*Exercise instructions*. Go through the listing below and write out exactly the lines from the one that mentions "The first thing" through the one that mentions "The basic definition", minus the pictures.

*Material shown*.
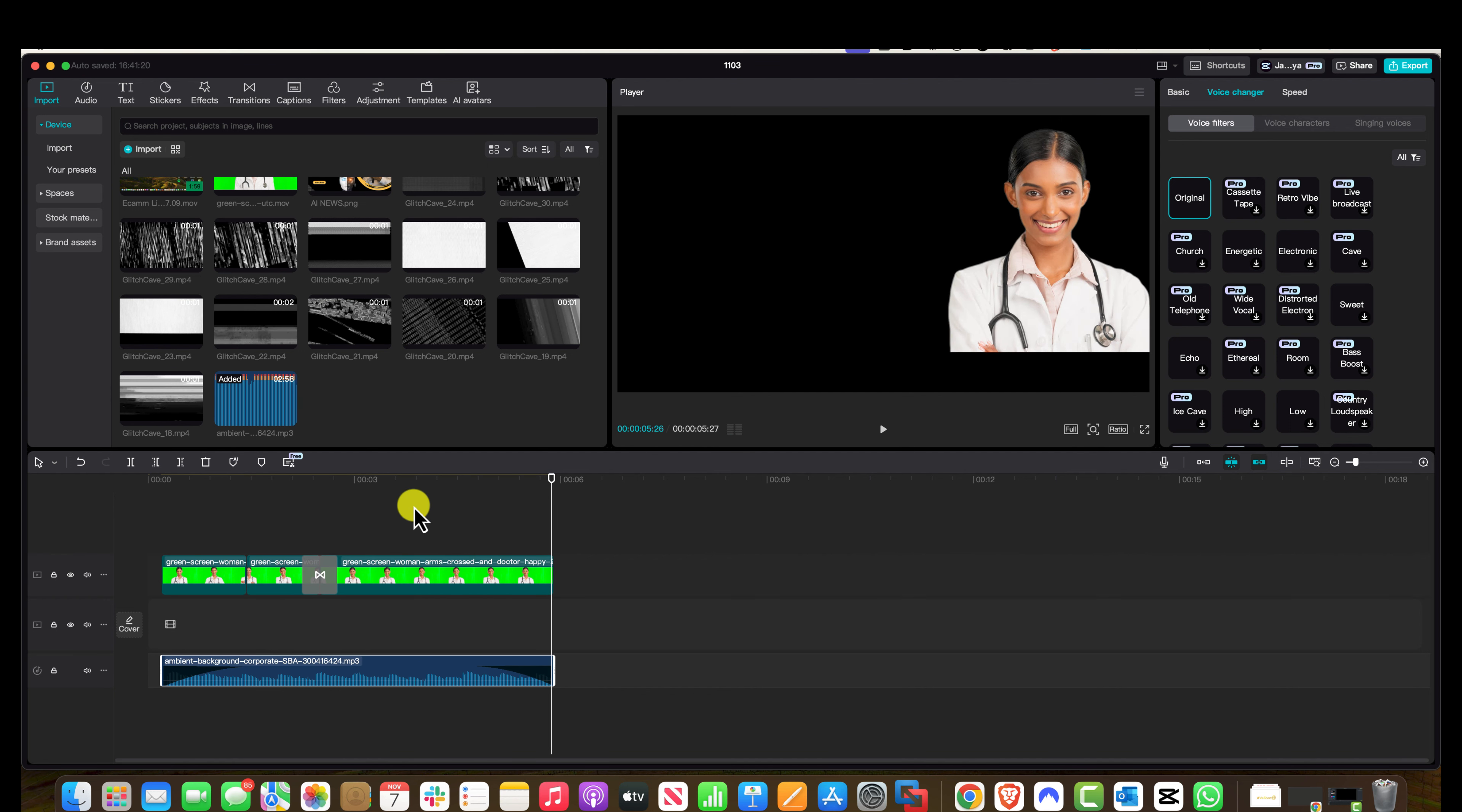And that's it. That's how you work with audio and music with CapCut Pro. So if you like the video, please don't forget to subscribe, like, comment, and I'll see you in the next one.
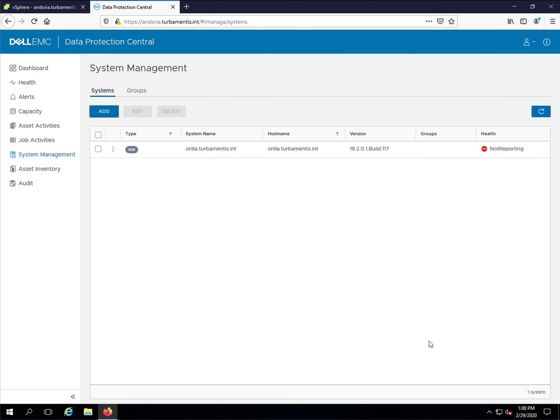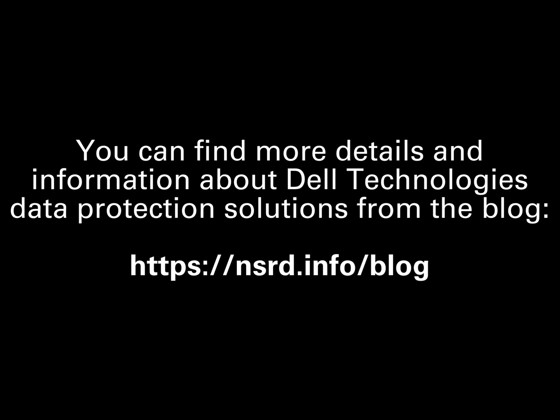And that's all you need to do to add a NetWorker server to DPC. Be sure to check out the blog for more data protection tips and information. Thanks for watching.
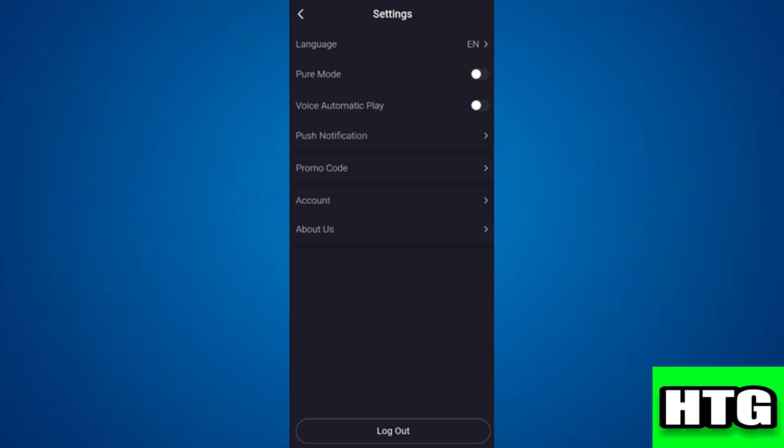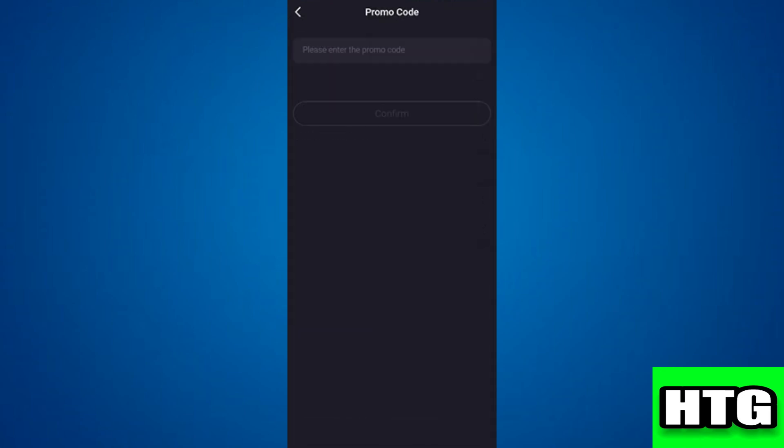After that scroll down to find the promo codes option which is the third option from the bottom and tap on it. Then enter the promo code you have and press confirm.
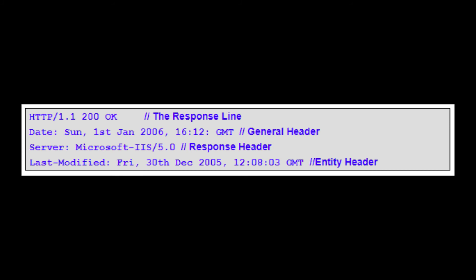The response header is similar to the request header. The header information falls into three types: general, which contains information about either the client or the server but is not specific to one or the other; entity, which contains information about the data being sent between the client and the server; and the response, which is information about the server sending the response and how it can deal with the response.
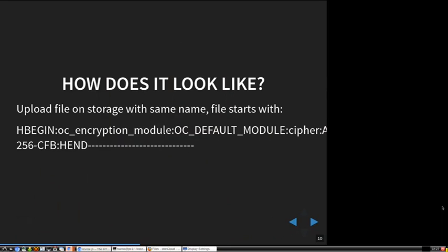The first thing I did was look at how these encrypted files look and what's in them. They start with a text that says something with 'HBGIN', something about the encryption module, and on the right is AES-256-CFB. So we know something about the cipher they're using: AES in CFB mode.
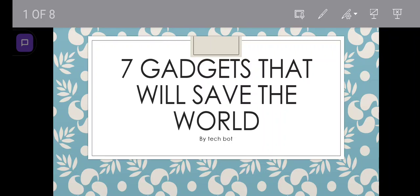Hi everyone, welcome to TechBot. In this video, we are going to share 7 gadgets that will save the world. Without further ado, let's get started.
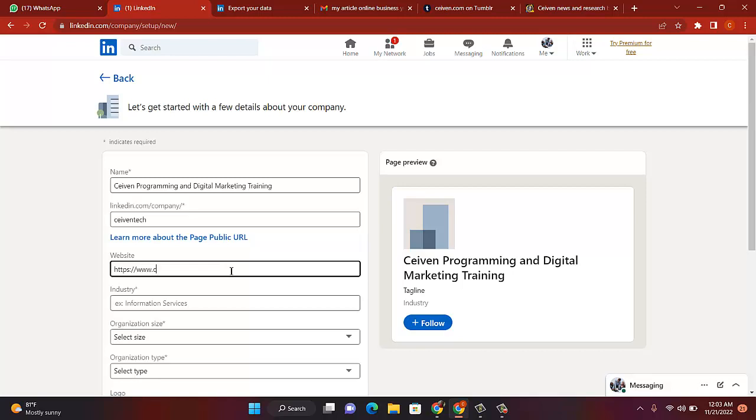www.seven.com/news. I always like to use my blog first, /news.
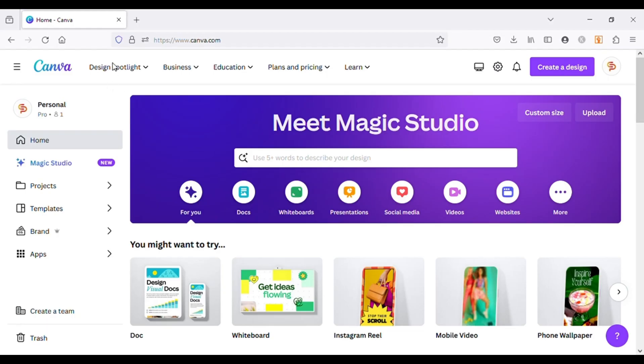Hello friends, today I will explore newly introduced Canva Pro's Magic Studio.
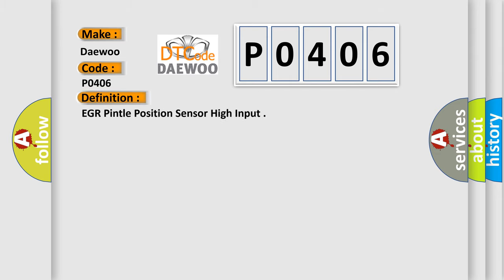The basic definition is: EGR Pintle Position Sensor High Input.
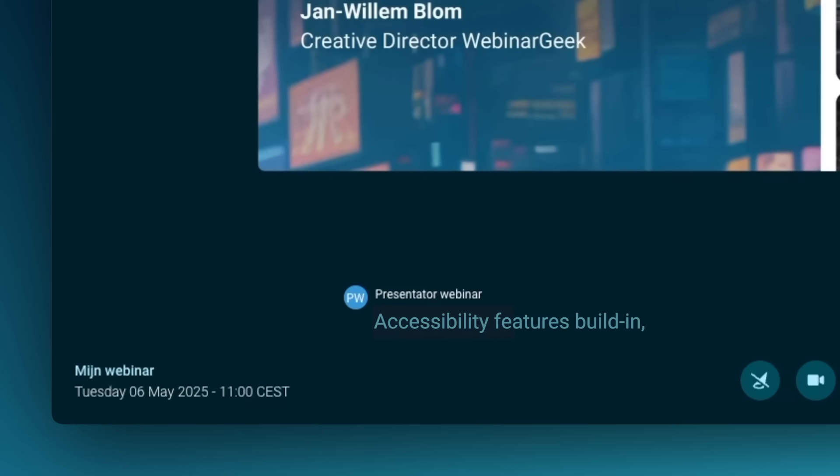Better yet, WebinarGeek works wherever you are. It's flexible enough to fit any schedule, anytime, from any place. With accessibility features built in, anyone can follow along. It's all designed to be easy to use, browser-based, and with no technical skills required. By the way, WebinarGeek is GDPR compliant, so all your data is saved with us. And that's it — with WebinarGeek, creating successful webinars has never been easier. Ready to get started? Sign up today.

*Task response*.
The first thing I did was look at how these encrypted files look and what's in them. They start with a text that says something with 'HBGIN', something about the encryption module, and on the right is AES-256-CFB. So we know something about the cipher they're using: AES in CFB mode.
Hi everyone, welcome to TechBot. In this video, we are going to share 7 gadgets that will save the world. Without further ado, let's get started.
www.seven.com/news. I always like to use my blog first, /news.
Hello friends, today I will explore newly introduced Canva Pro's Magic Studio.
The basic definition is: EGR Pintle Position Sensor High Input.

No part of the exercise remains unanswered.